_What you need to do_: Make an exact copy, from the records below, of the lines from the line containing "Levi's Women's LV" to the line containing "GlowWave LED Bubble", both lines included, excluding pictures.
Task material Block Start
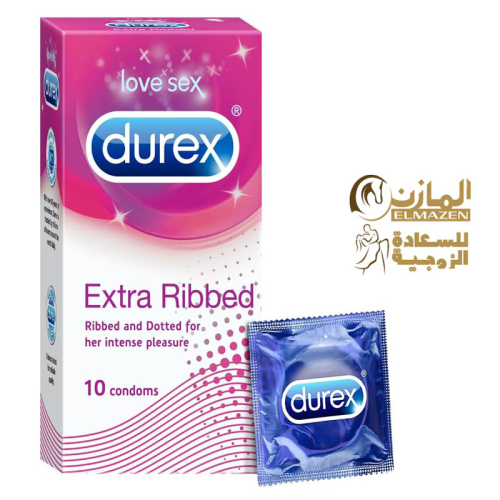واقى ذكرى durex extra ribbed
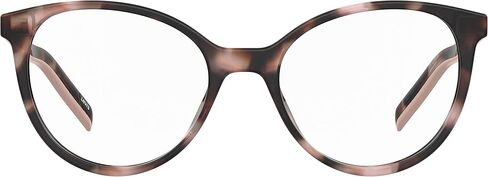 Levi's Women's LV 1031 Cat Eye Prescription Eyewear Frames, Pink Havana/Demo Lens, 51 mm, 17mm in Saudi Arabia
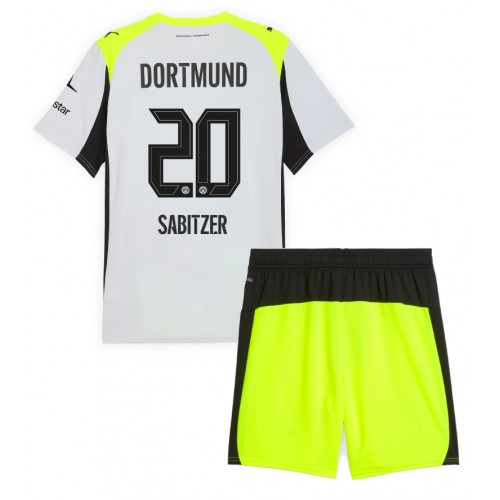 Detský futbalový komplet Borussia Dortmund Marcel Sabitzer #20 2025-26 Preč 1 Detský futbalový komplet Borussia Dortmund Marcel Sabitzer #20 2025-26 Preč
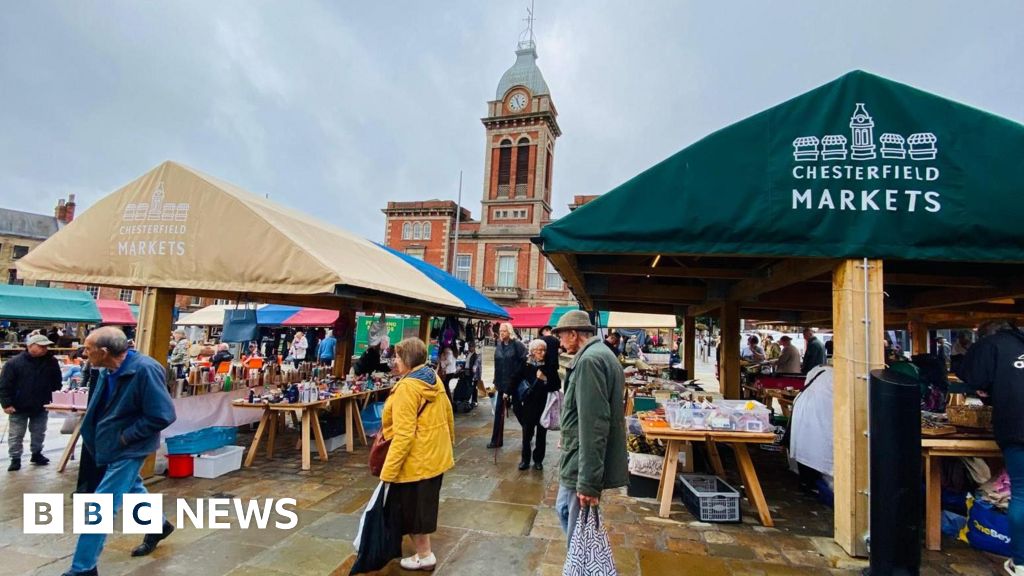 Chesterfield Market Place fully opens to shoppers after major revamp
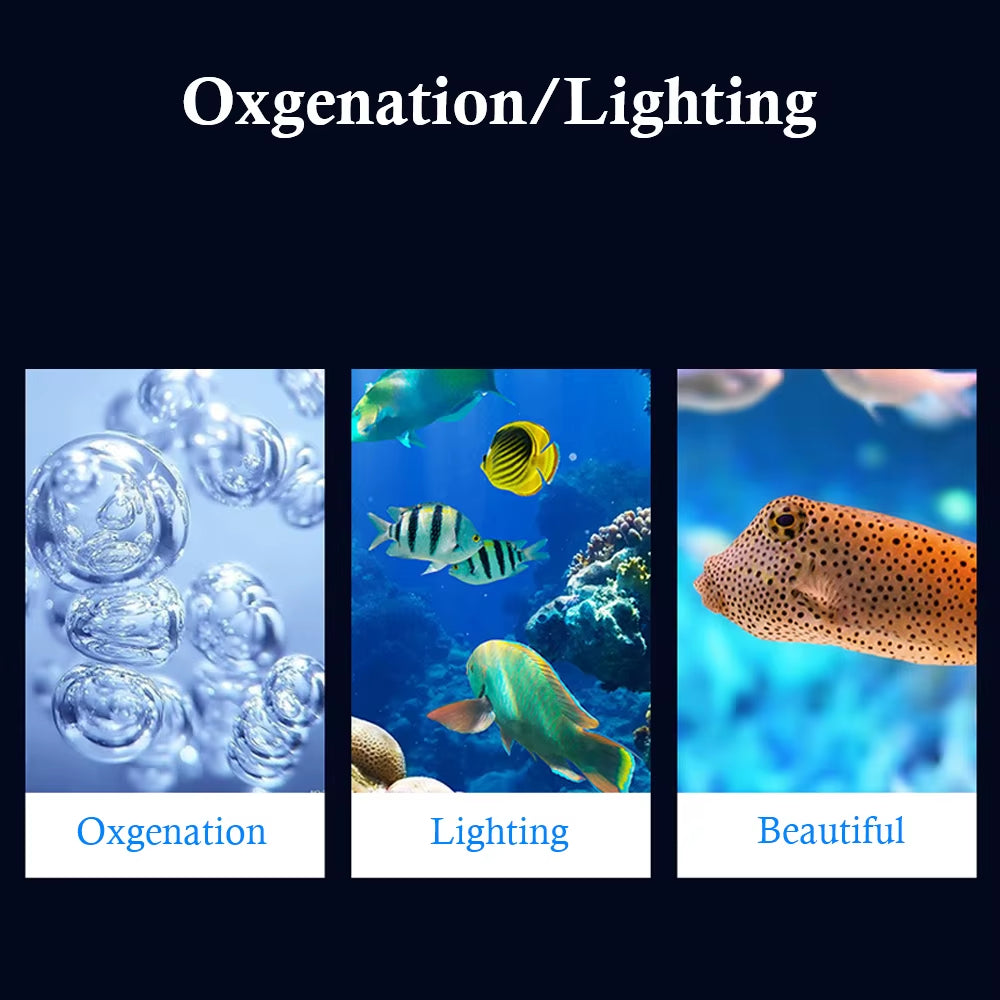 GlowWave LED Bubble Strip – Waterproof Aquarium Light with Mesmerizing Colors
Task material Block End
Task material Block Start
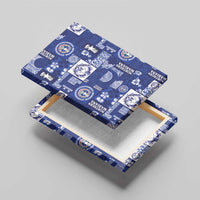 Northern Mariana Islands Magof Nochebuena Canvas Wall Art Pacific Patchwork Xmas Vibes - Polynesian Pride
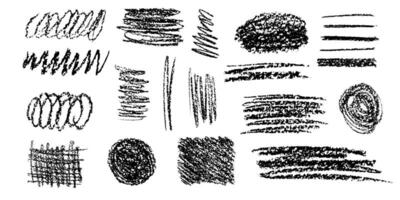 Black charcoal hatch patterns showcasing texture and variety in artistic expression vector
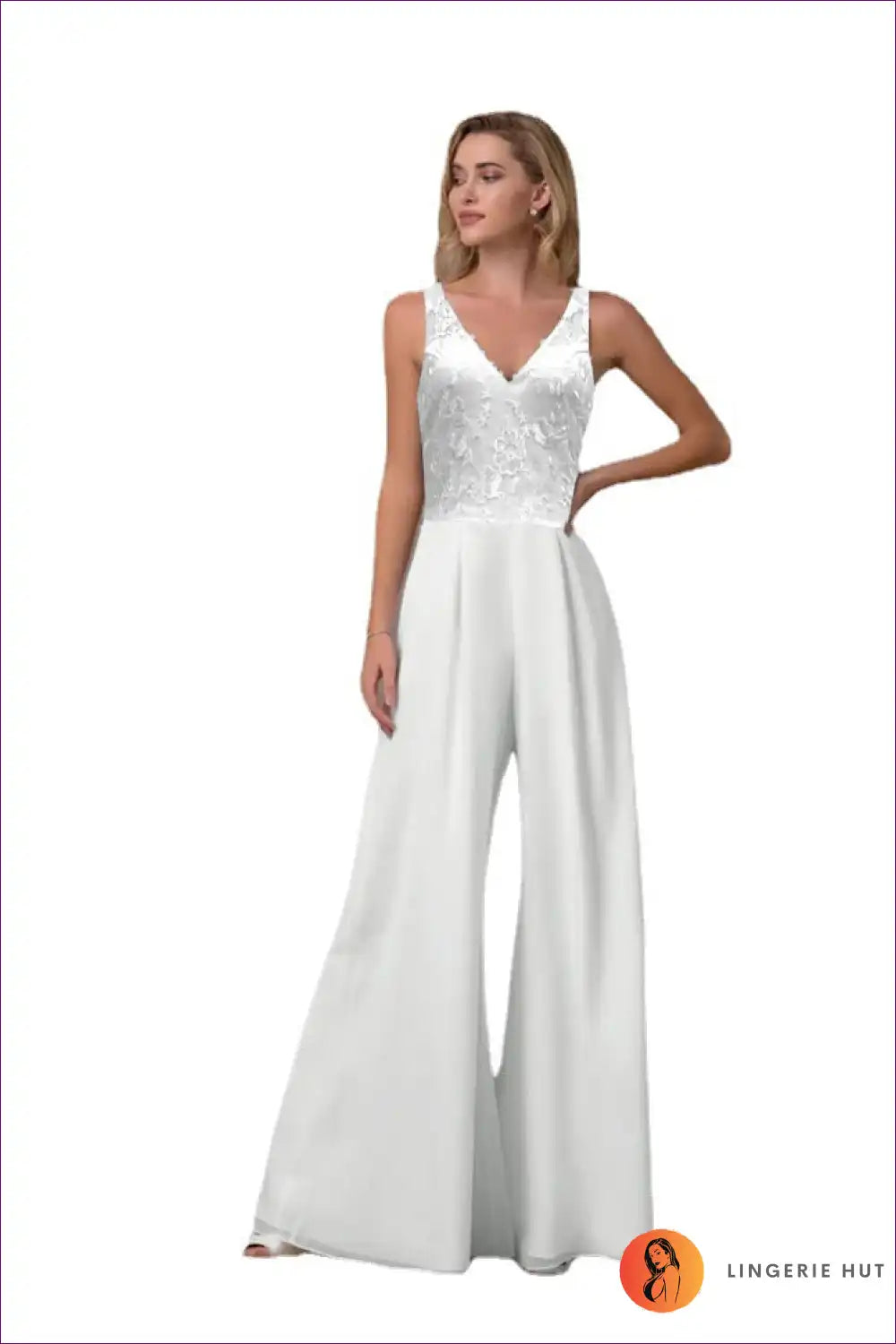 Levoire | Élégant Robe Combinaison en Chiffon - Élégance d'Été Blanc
Task material Block End
_Solution to this exercise_:
 Levi's Women's LV 1031 Cat Eye Prescription Eyewear Frames, Pink Havana/Demo Lens, 51 mm, 17mm in Saudi Arabia
 Detský futbalový komplet Borussia Dortmund Marcel Sabitzer #20 2025-26 Preč 1 Detský futbalový komplet Borussia Dortmund Marcel Sabitzer #20 2025-26 Preč
 Chesterfield Market Place fully opens to shoppers after major revamp
 GlowWave LED Bubble Strip – Waterproof Aquarium Light with Mesmerizing Colors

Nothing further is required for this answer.